The real end of the vacation took place in Rome where he lived, the last night to soak it all in. All the people walking past me, a familar scene like New York City where shops lined up on either side of the street. He took me into an abandoned building and I, carefully followed him up several flights of stairs past pieces of wood and occasional shards of glass; my hand resting in his. When on the top, I stared at a painting before me and my eyes tried to capture it all at once. The sunset glistened over the top of every building around us giving it an orangey contrast. The grundy, old buildings we past just moments ago on the train ride over, almost completely covered over by foreign graffiti disappeared. Andrea moved closer to me, and put his arms around my body. It was at that moment a separate beauty was created from what was seen around me and what was felt inside me. The two united into one and I then remembered where I was.

The dream played for a while longer until the middle of the night held our return. Andrea slowly opened the door, and we both crept slowly to his room. Mostly in silence we sat on his bed and kissed. I layed with him for quite some time after and mistakenly drifted to sleep. The knots started forming in my stomach, wakening me, and I opened my eyes. I held him tightly in my arms and he watched as I went in the next room over to sleep for a while longer before my Uncle would wake me in the early morning to leave. I heard my name not long after and my eyes adjusting to the morning light and my body like impulse raced to see Andrea. The morning was solemn. I walked to serve myself breakfast with the rest of my family in the kitchen. Slowly, I got my belongings together. The cars could be heard outside, driving up and down the street, still continuing its usual everyday pattern of life. I left my lipglass on the couch for him to find after I left where my lips had recently been.

We walked to the elevator to take us to the first floor of his apartment building. I was the last to follow- stalling and dragging behind. The doors to the elevator separated two worlds- the one which would soon be the past and the one of the future. As the doors slowly closed, I managed to see a tear coming down from his face. Almost shut now, I could still see his penetrated eyes, so focused and lifeless. The door shut and the dagger went in to my chest. I said my real goodbye to the world around me through teary eyes. I stared out the window of the cab on the way to the airport. My uncle sat next to me and saw the tears flowing down my face- the drops I refused to brush away.
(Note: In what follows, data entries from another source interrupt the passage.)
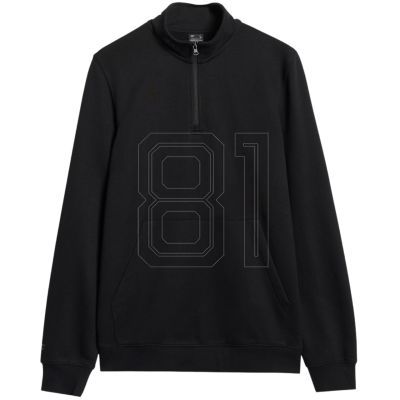 4F M 4FWAW25TSWSM1902 20S sweatshirt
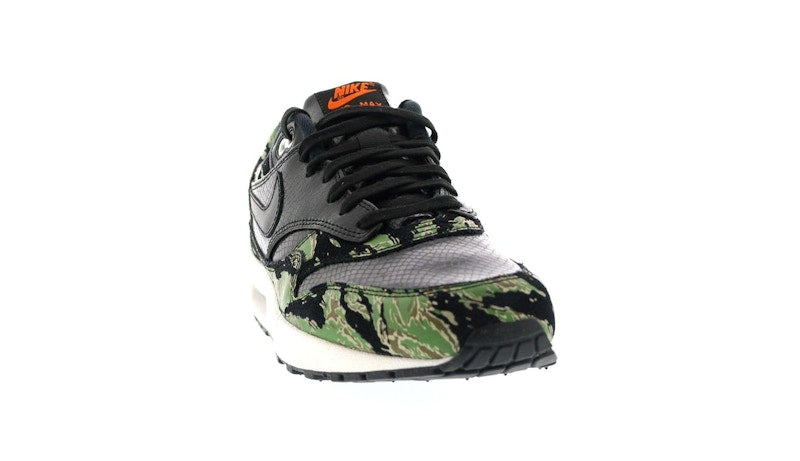 Nike Air Max 1 atmos Tiger Camo Snakeskin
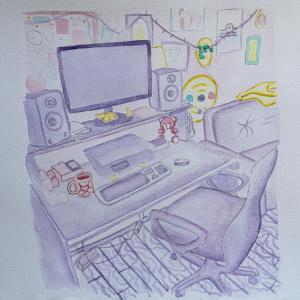 收听COCCA的Anzuelo歌词歌曲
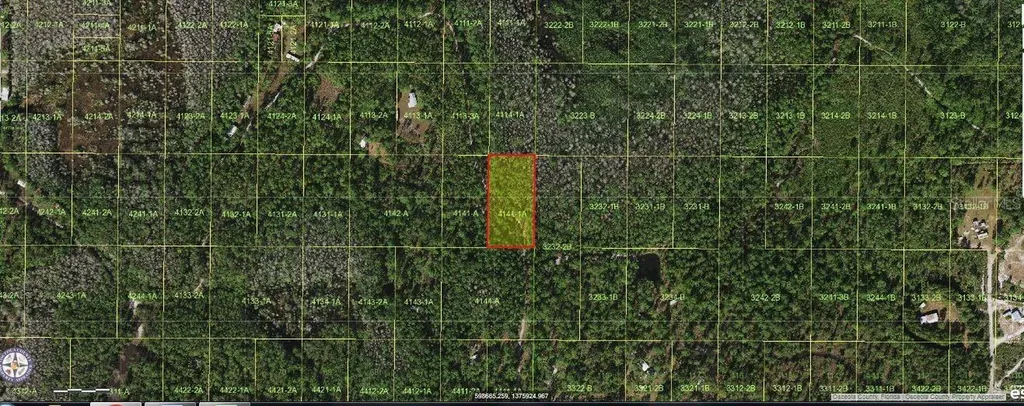 Holopaw Groves Road St Cloud FL 34773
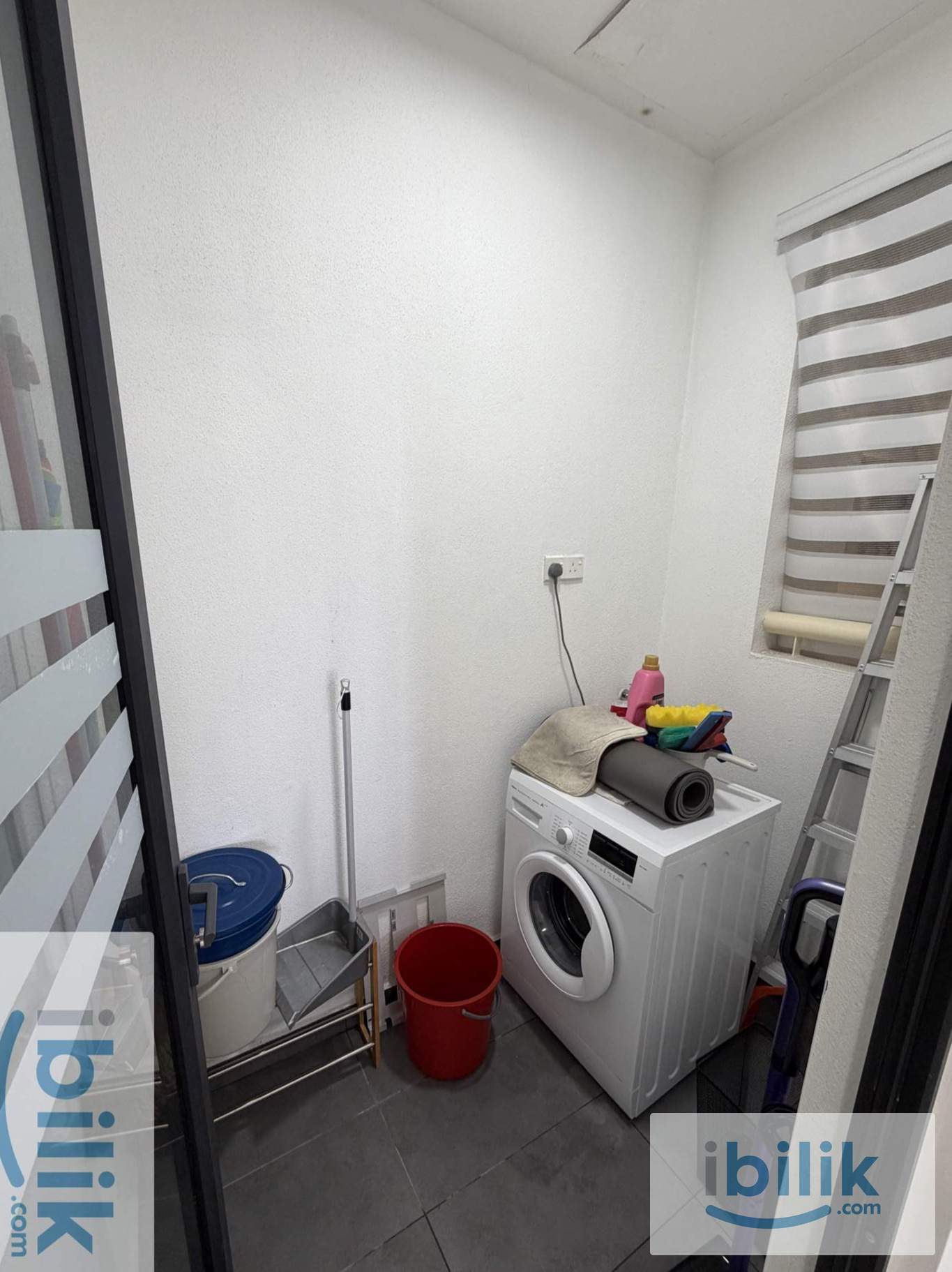 Comfy Apartment in Mid Valley Megamall & KLCC - Image 7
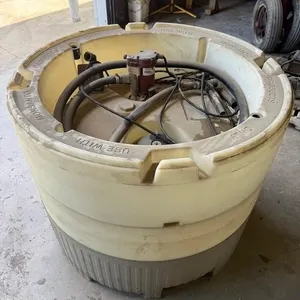 Shuttle Tank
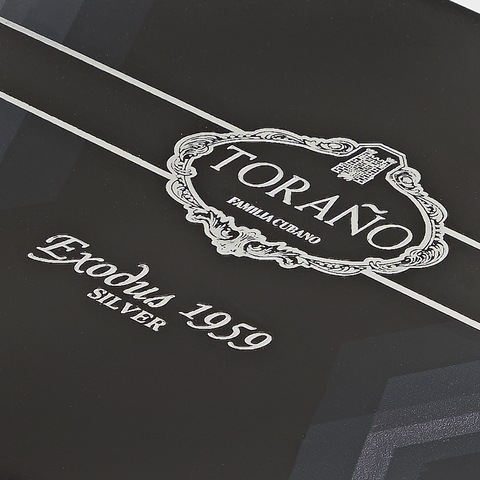 Torano Exodus Silver, , large image number null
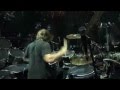 Linkin Park - Chester's growl @itunes festival ...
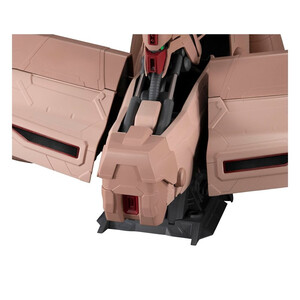 Megahouse Mobile Suit Gundam Machine Build Seires Char's Counterattack Alpha Azieru 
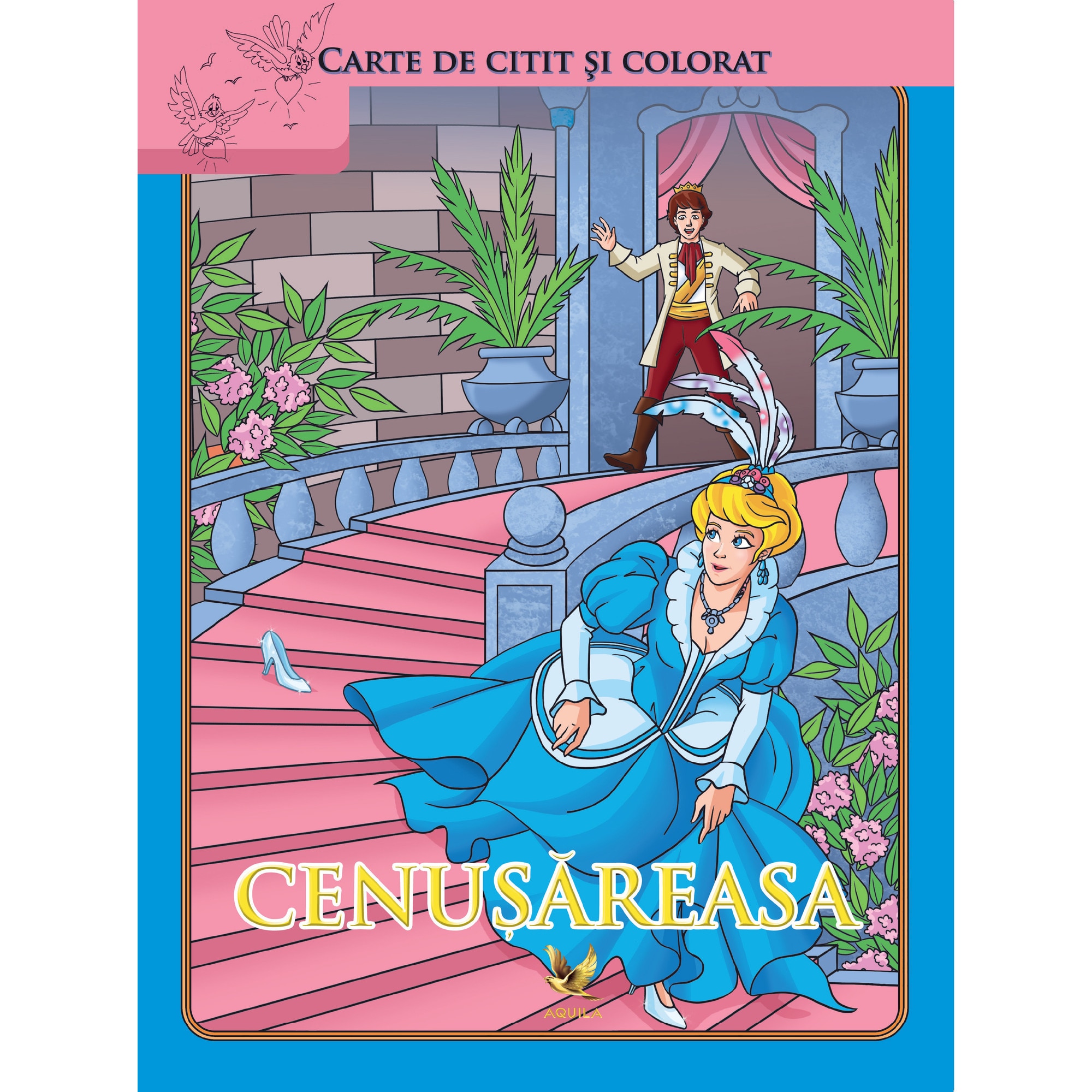 Cenusareasa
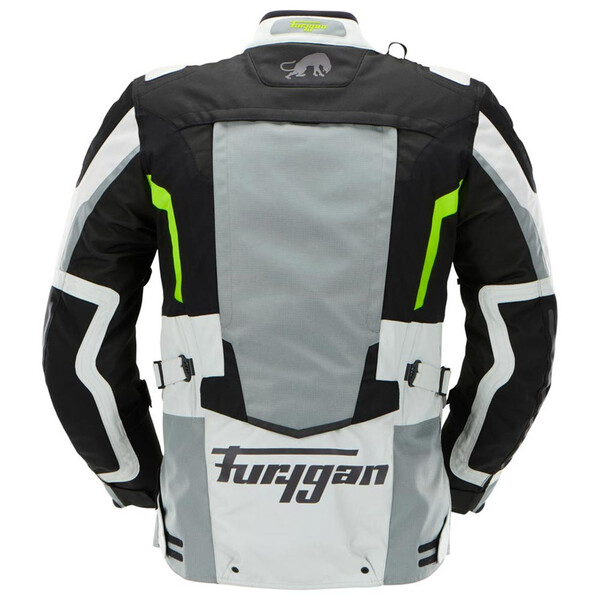 Montroc Kevlar® Primaloft® 3 in 1+ jas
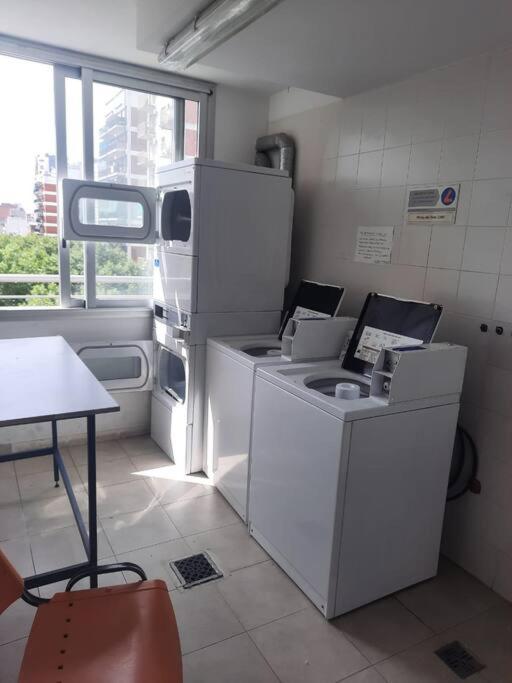 Moderno Apartamento en Belgrano - One-Bedroom Apartment - 28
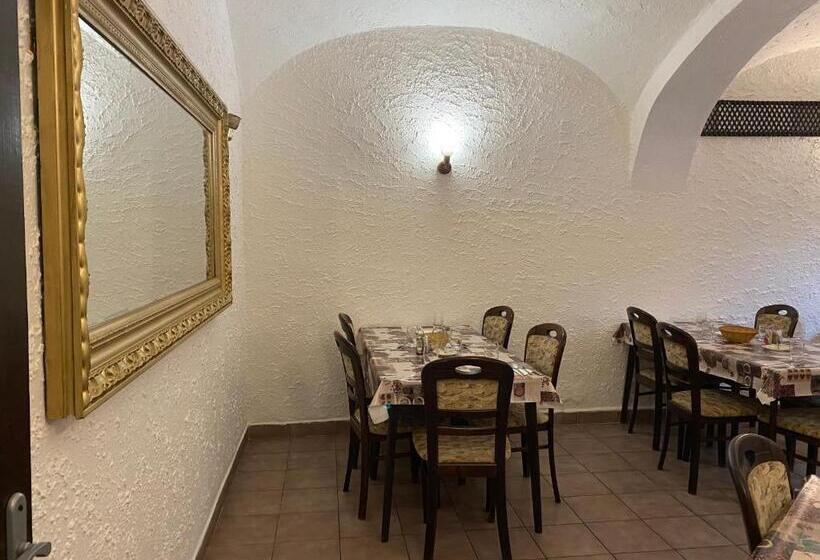 Restaurant Motel Hana Barbara Gastro Sro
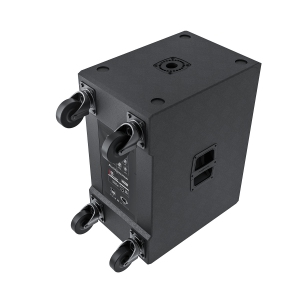 Audiocenter L83 + L83S MK2 порталы в Волоколамске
His reassurance and caring words I don't remember. I was alone again but this time I wouldn't find him waiting for me. The once beautiful city around me became instantly distorted and now into a foggy mist from my leaking eyes. I was still there, a dream world I so fantasized about all year. But now, I was home before I had a chance to leave.

I started my senior year in high school one month later. We were no longer together . I had to eventually take off the taped pictures of him on my locker of unrealistic hope I held on to for over a year. I stared at them as I slowly took off one by one, re-imagining each memory I now placed in my heart. I slip the pictures into my bookbag to return home. I was without him. We escaped from the virtual world into a three week dream. The dream ended with a sickness that stayed dormant inside, waiting for me to let go. The bats flew around in my stomach with their wings getting tangled and entwined. I look around and I start to see my reality looking back at me. My friends start walking towards me and I close my locker, swing my book bag over my shoulder, and wait to greet them.

2 comments:

  1. Great contrast between light and dark here... How you feel changes how things around you look. Good job!